A Scented Palace: The Secret History of Mary Antoinette’s Perfumer by Élisabeth de Feydeau, translated by Jane Lizop

Élisabeth de Feydeau, a professor at the Versaille School of Perfumers, draws on the papers of Jean-Louis Fargeon, tracing his life from 1748, when he is born into a family of perfumers in Montpellier, to his becoming perfumer to the young queen, Mary Antoinette. He serves her for fourteen years until the Revolution sweeps the nation, composing luxurious and bespoke fragrances and pomades, and chronicling her extravagant expenditures. Rather than providing broad historical context, the book speaks to an intimate court life and relationship between perfumer and queen. It spends considerable time on fascinating beauty secrets, ingredients, luxury goods, and articles for grooming—lemon pomade, carnation powder, perfume sachets, and a selection of beauty spots and creams to purify and whiten the queen’s complexion. The back of the book contains notes on Fargeon’s palette and his methods of ingredient extraction. Interestingly, one of his floral formulas survived the revolution and is now called “Black Jade.”

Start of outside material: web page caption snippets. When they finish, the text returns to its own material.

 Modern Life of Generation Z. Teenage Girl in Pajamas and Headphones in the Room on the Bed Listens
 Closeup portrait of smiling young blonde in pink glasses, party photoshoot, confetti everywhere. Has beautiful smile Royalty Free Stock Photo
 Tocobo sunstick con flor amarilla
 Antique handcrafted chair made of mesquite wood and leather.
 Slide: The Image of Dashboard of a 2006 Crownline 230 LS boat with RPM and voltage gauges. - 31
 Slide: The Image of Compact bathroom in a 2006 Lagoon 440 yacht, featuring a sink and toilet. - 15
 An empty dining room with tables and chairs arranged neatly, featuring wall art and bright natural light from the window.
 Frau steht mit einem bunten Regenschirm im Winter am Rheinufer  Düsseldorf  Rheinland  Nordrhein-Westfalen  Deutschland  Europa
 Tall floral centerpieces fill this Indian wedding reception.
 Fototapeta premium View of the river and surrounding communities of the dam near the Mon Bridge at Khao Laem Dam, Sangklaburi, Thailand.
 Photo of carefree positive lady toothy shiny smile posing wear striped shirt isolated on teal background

Jadoowallahs, Jugglers and Jinns: A Magical History of India by John Zubrzycki

One of my early childhood memories in India is of the magicians, puppeteers, and snake-charmers that attended our birthday parties. There are photographs of them making eggs appear and disappear in our hands, pulling doves from top hats, finding coins behind a cousin’s ear. India’s association with magic goes back centuries, and in this magnificent book, Australian writer, John Zubrzycki explores how “magic descended from the domain of the gods to become part of daily ritual and popular entertainment.” Highly imaginative and rich in detail, the book draws on archival records, newspaper articles, interviews, and memoirs of Western and Indian magicians and illusionists to culminate in an extraordinary cultural history of oddities.